The U.S., the international community and even past Israeli governments have endorsed a settlement based on the 1967 lines, but Obama was far more explicit than in the past. His position appeared to put him at odds with Israeli Prime Minister Benjamin Netanyahu, who has not accepted the concept.
Reacting to Obama's speech, Benjamin Netanyahu rejected a full withdrawal from the West Bank, saying the 1967 lines were "indefensible" and would leave major Jewish settlements outside Israel. Netanyahu rejects any pullout from east Jerusalem.
CBS News senior White House correspondent Bill Plante reports that, just to drive the point home, the Israelis announced Thursday that they plan to build 1,600 new housing units in East Jerusalem. The U.S. has demanded that settlement construction stop.
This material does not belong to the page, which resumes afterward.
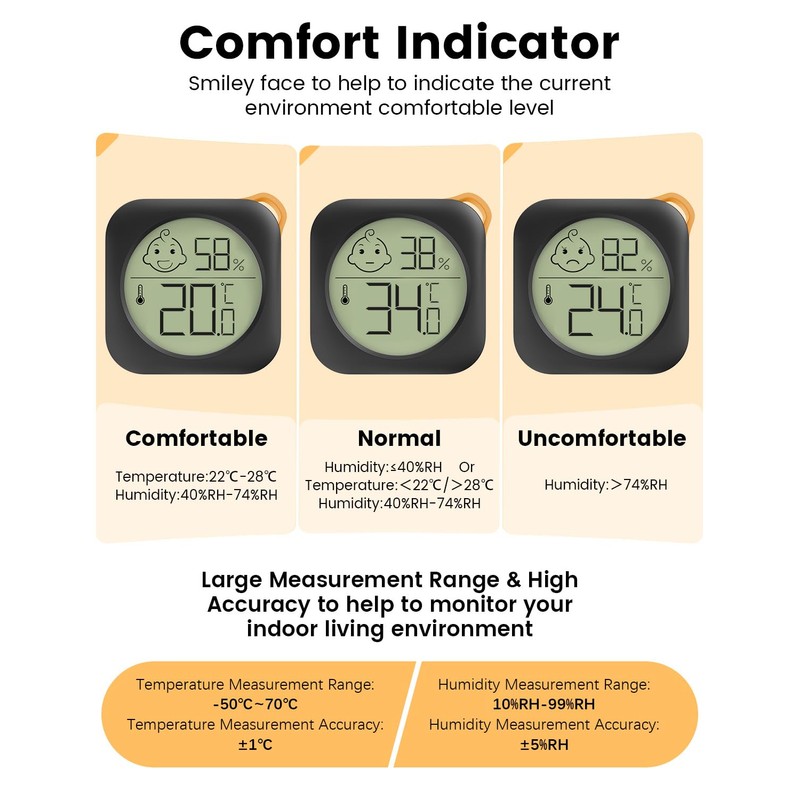 Compact Hygrometer Thermometer Indoor Digital Mini Ambient Room Temperature Monitor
Netanyahu heads to the White House on Friday to seek what he called clarifications after Mr. Obama's speech. The two men will have "plenty to talk about today," notes Plante, adding that the atmosphere in the room is likely to be "chilly," at best.
Behind the rhetoric, though, was the possibility of finding common ground. Obama said he would support agreed-upon territorial swaps between the Israel and the Palestinians, leaving the door open for Israel to retain major West Bank settlements, where the vast majority of its nearly 300,000 Jewish settlers live.
Netanyahu said he would urge Obama to endorse a 2004 American commitment, made by then President George W. Bush, to Israel. In a letter at the time, Bush said a full withdrawal to the 1967 lines was "unrealistic" and a future peace agreement would have to recognize "new realities on the ground."
Israelis have interpreted Bush's commitment as U.S. support for retaining the major settlement blocs. Earlier this week, Netanyahu said Israel would have to retain the blocs as part of any future peace agreement.
But Netanyahu also wants to keep other parts of the West Bank, including a strategic section of land along the Jordanian border that he believes is vital to Israel's security. The Palestinians oppose any Israeli presence in their future state.
Netanyahu said he would reiterate his security demands at Friday's meeting.